O que se apresenta então no filme assinado por Murphy é uma série de registos visuais dos lugares por onde ambos passaram (havendo também material de outros trabalhos do fotojornalista irlandês na Síria, Macedónia e América) intercalados com a gravação do álbum de PJ Harvey. Esta decorreu numa sala construída de raiz para o efeito, na cave da Somerset House, em Londres, tal e qual uma instalação artística, que inclusive teve público convidado a assistir através de vidros - sem visão do interior para o exterior, para não perturbar os músicos em trabalho.
De um lado, surgem as memórias no terreno e os pensamentos em vertigem poética, do outro, o trabalho físico da música, os fios, os microfones, os instrumentos, a banda. Parece a fórmula perfeita para se dar a conhecer a substância do processo criativo, uma dinâmica que é sempre objeto de grande curiosidade documental.
E se é verdade que é fascinante assistir ao labor musical de Harvey, sentir a espontaneidade da sua gargalhada no ambiente tranquilo das gravações e, mais do que tudo, a beleza e robustez de cada tema, também se nota uma certa desarticulação no modo como o material filmado comunica com a circunstância da "sala branca" (longe de toda a aspereza das imagens dadas a ver). Falta um pouco de alma a este A Dog Called Money, que acaba por não aprofundar a sua crónica humana daqueles que puseram a sensibilidade da cantora a fervilhar - faz-se aqui a exceção à adolescente negra cujo nome do cão dá origem ao título filme -, detendo-se quase somente sobre a pacatez observacional da cantora britânica.
Bonito é vê-la, por exemplo, envolvida criativamente com as sonoridades de Cabul, onde toca um pequeno instrumento de teclas ao mesmo tempo que quebra a timidez num riso genuíno, levada pelo bom espírito de um músico da terra. Mas a raridade destes momentos de interação cultural não permite elevar o documentário a algo mais do que do que uma interessante combinação de esboços íntimos transformados em música.

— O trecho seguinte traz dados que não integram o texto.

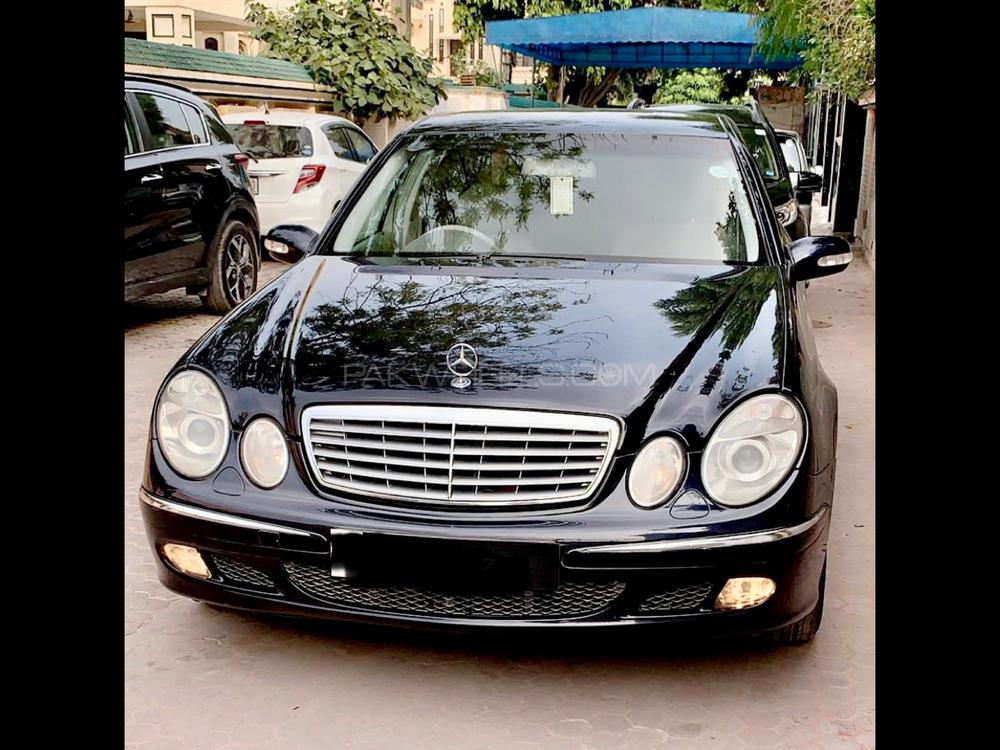 Mercedes Benz E Class 2005 for Sale in Faisalabad Image-1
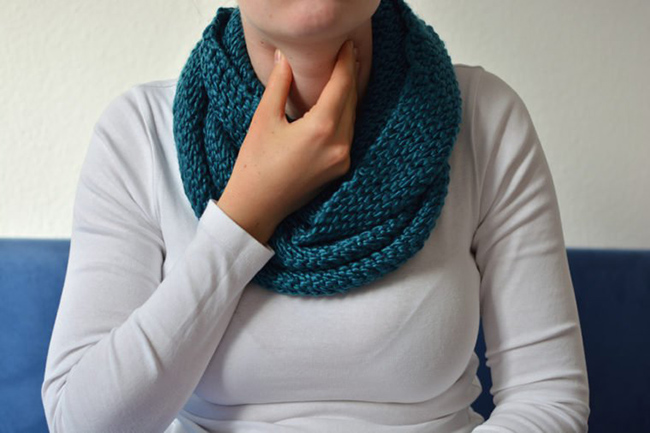 14. Khó nuốt: Nếu bạn thường xuyên cảm thấy thức ăn bị mắc vào cổ họng, đây có thể là dấu hiệu của ung thư thực quản .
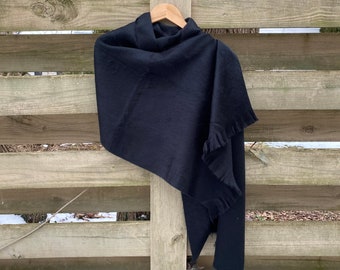 Alpaca Shawl Black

Ainda mais bonito de se ver é o corpo frágil de PJ Harvey quando liberta uma voz poderosa mas desafetada - esta, sim, capaz de dar a dimensão das dores da humanidade. O filme transmite melhor esse seu coração à deriva quando a música inunda as imagens (mesmo que numa linguagem de videoclipe), porque é aí que os retalhos das experiências vividas ganham a forma de um tecido único.